What you are asked to do: Wherever the line that contains "Max Simmons (@maxsimm01300757) Twitter profile photo Max" falls, repeat it and the lines after it exactly until the records end, without any pictures.

(Captioned web image data)
[Start of section]
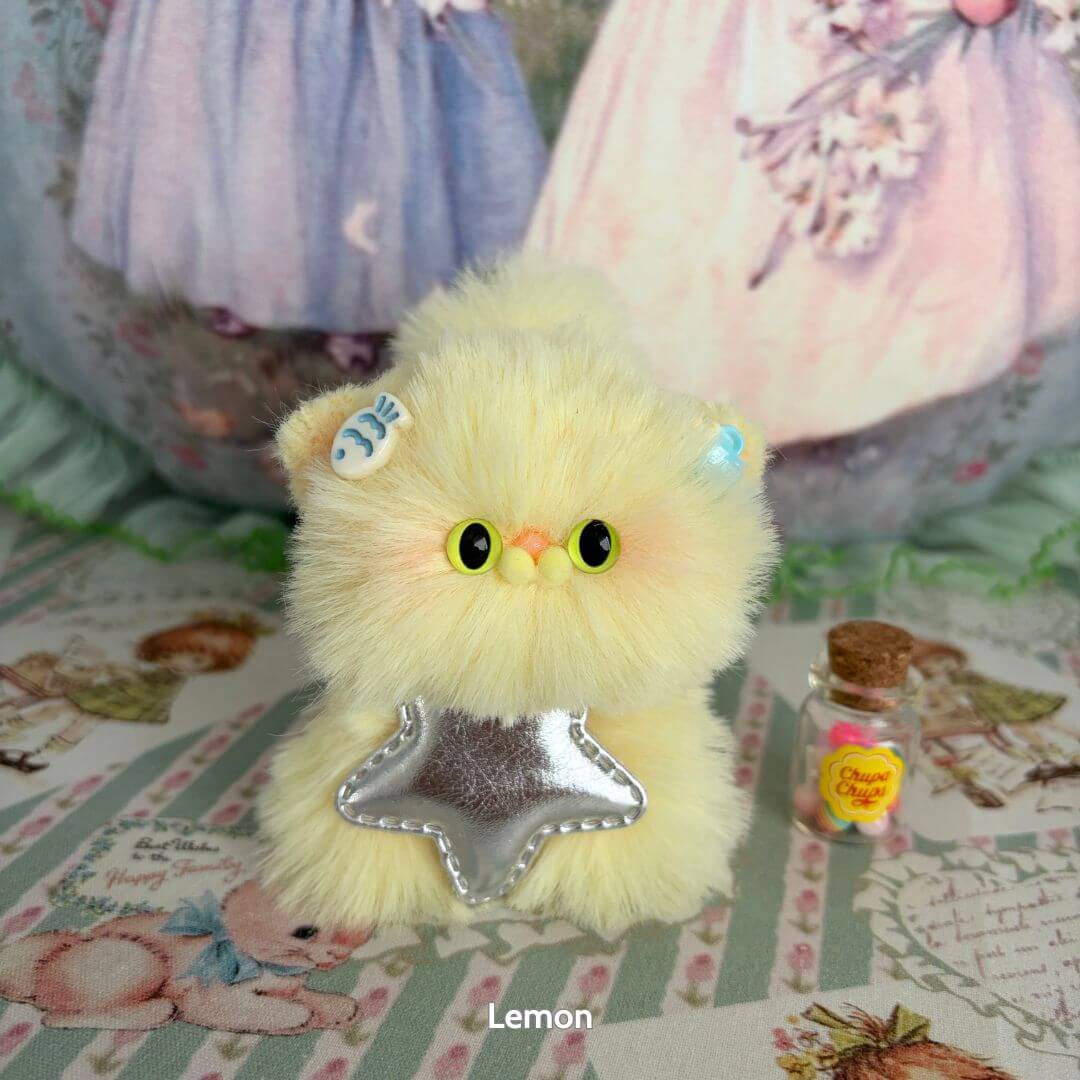 Product image 24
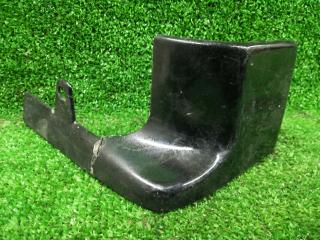 брызговик Nissan Maxima A34 2005, 85059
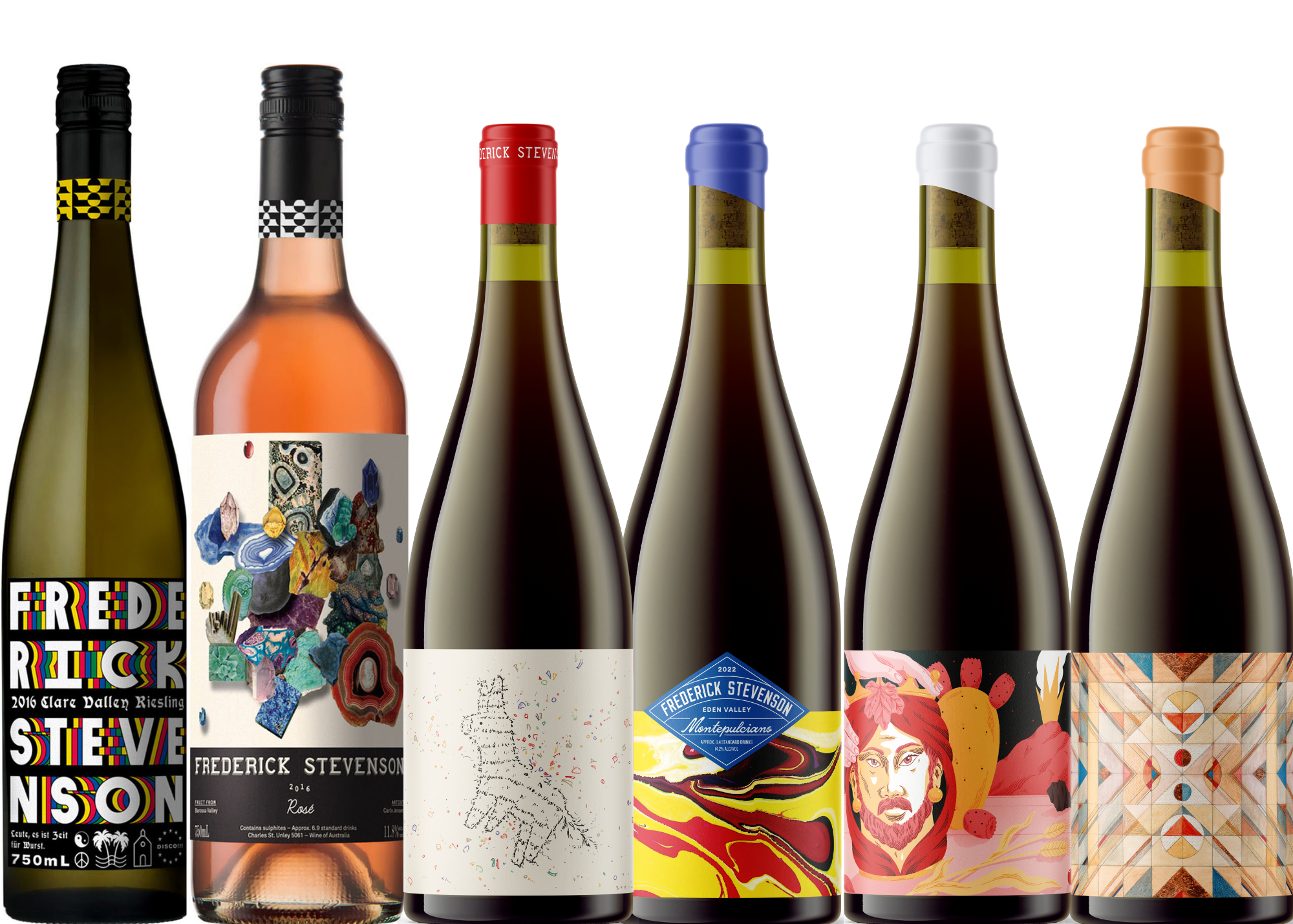 Riesling Rose Pinata Monte Nero Grenache.png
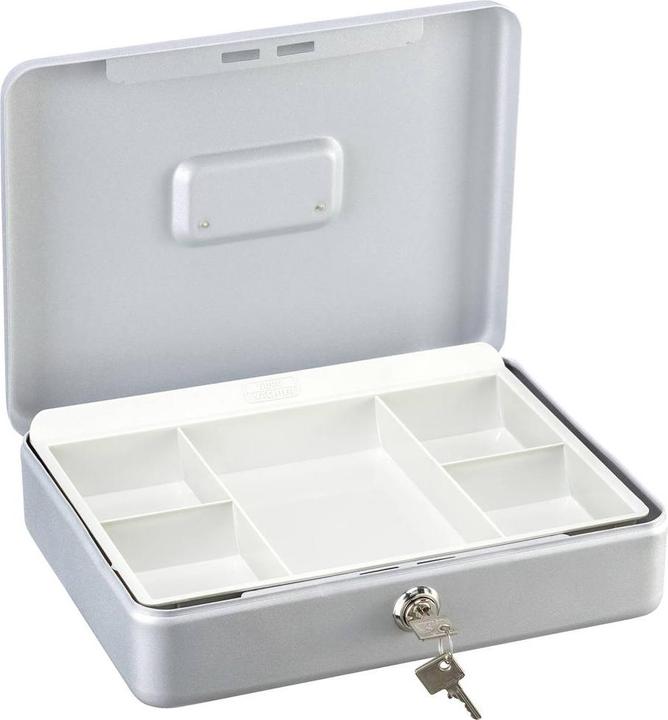 Productafbeelding Burg Wächter Geldkisten Universa CKS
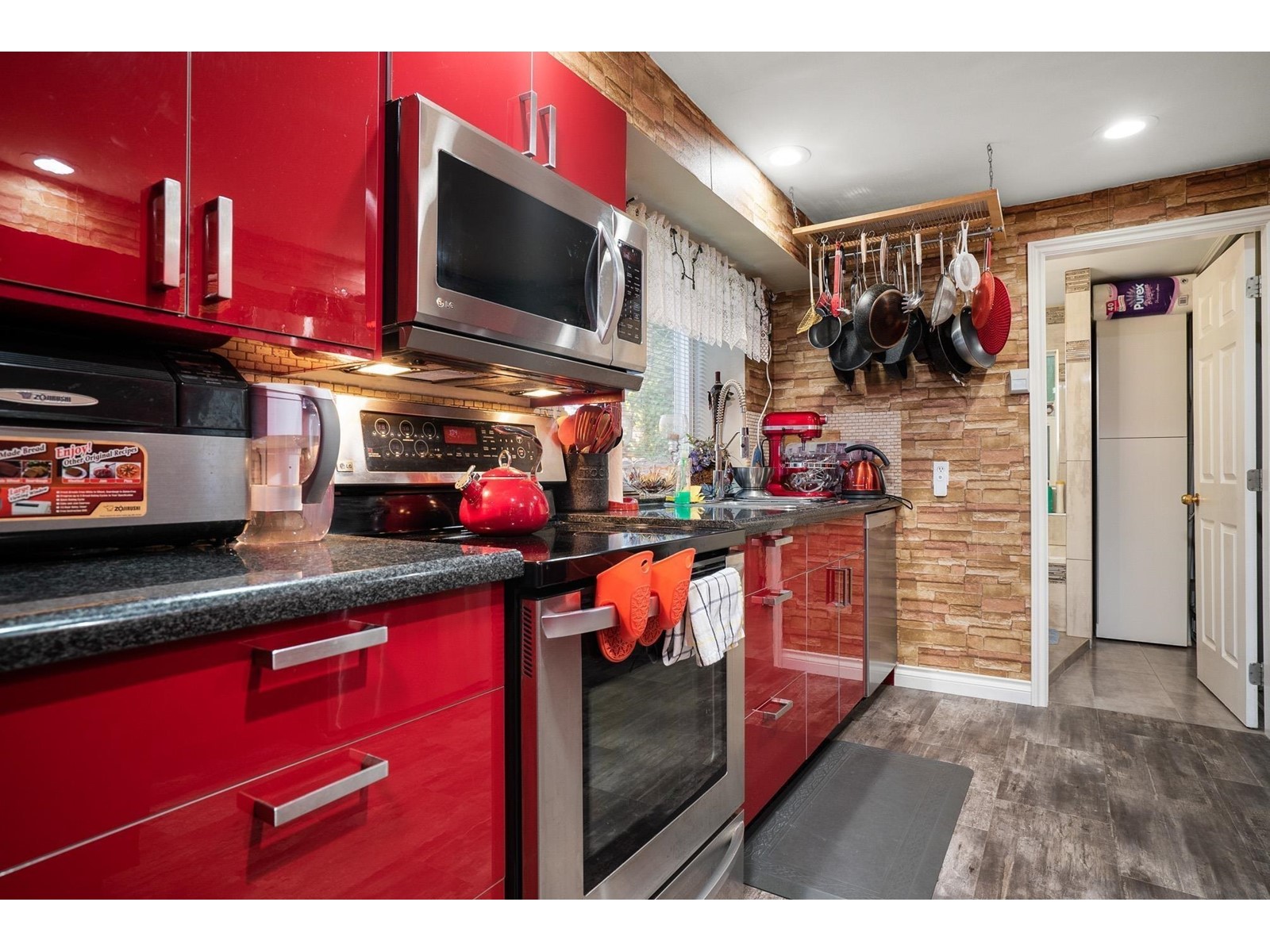 6144 120 Street, Surrey, British Columbia  V3X 1Y8 - Photo 15 - R2980603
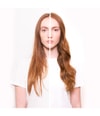 Produktbild 5 von 6, Shu Uemura Essence Absolue Haarserum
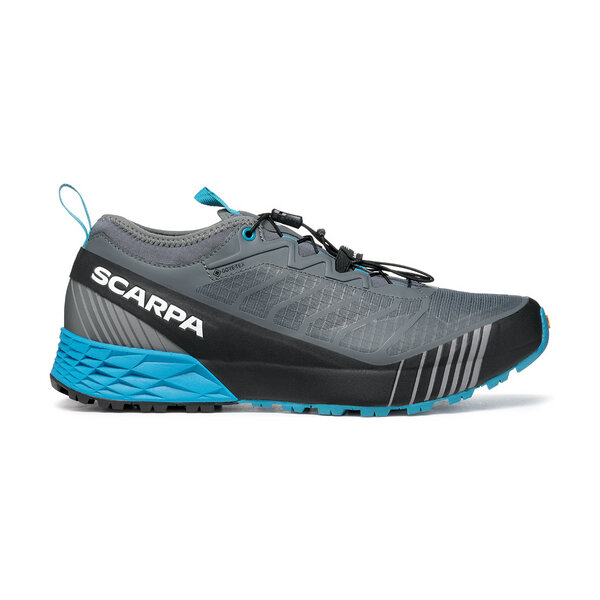 Scarpa RIBELLE RUN GTX Trailrunningschuh SALE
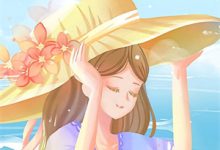 《深情坠入梦的河》小说大结局免费试读 裴若瑶沈裕成小说-薯片文学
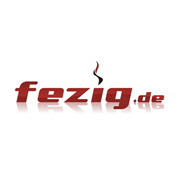 Logo of Fezig.de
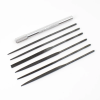 EX55668 - File Set  (x6) + Λαβή - Hobbycity.gr - Excel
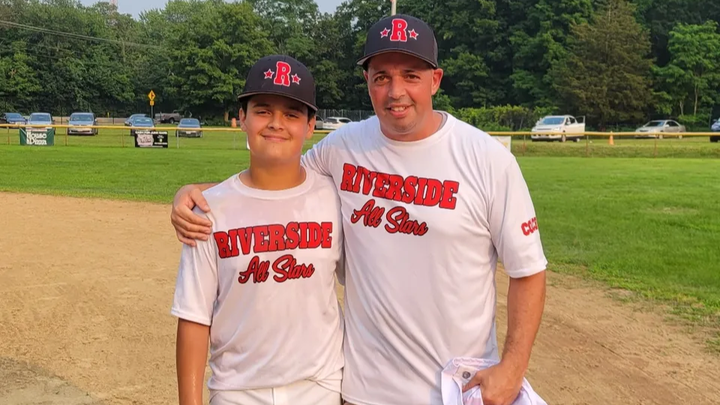 Support Chris Martins’ Recovery Journey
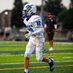 Max Simmons (@maxsimm01300757) Twitter profile photo Max Simmons (@maxsimm01300757) Twitter profile photo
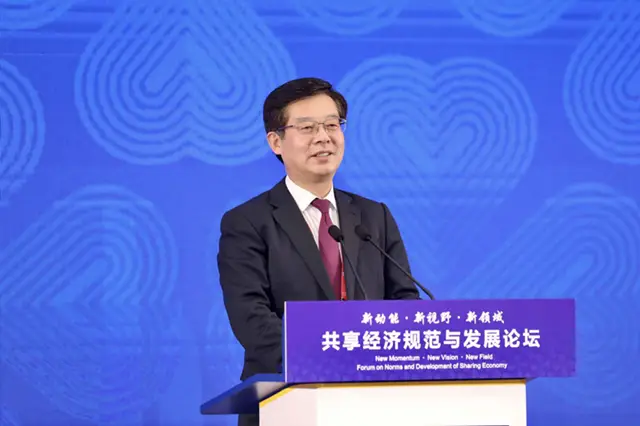 2020xj威客_2019威客论坛_威客贴吧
[End of section]
Solution:
 Max Simmons (@maxsimm01300757) Twitter profile photo Max Simmons (@maxsimm01300757) Twitter profile photo
 2020xj威客_2019威客论坛_威客贴吧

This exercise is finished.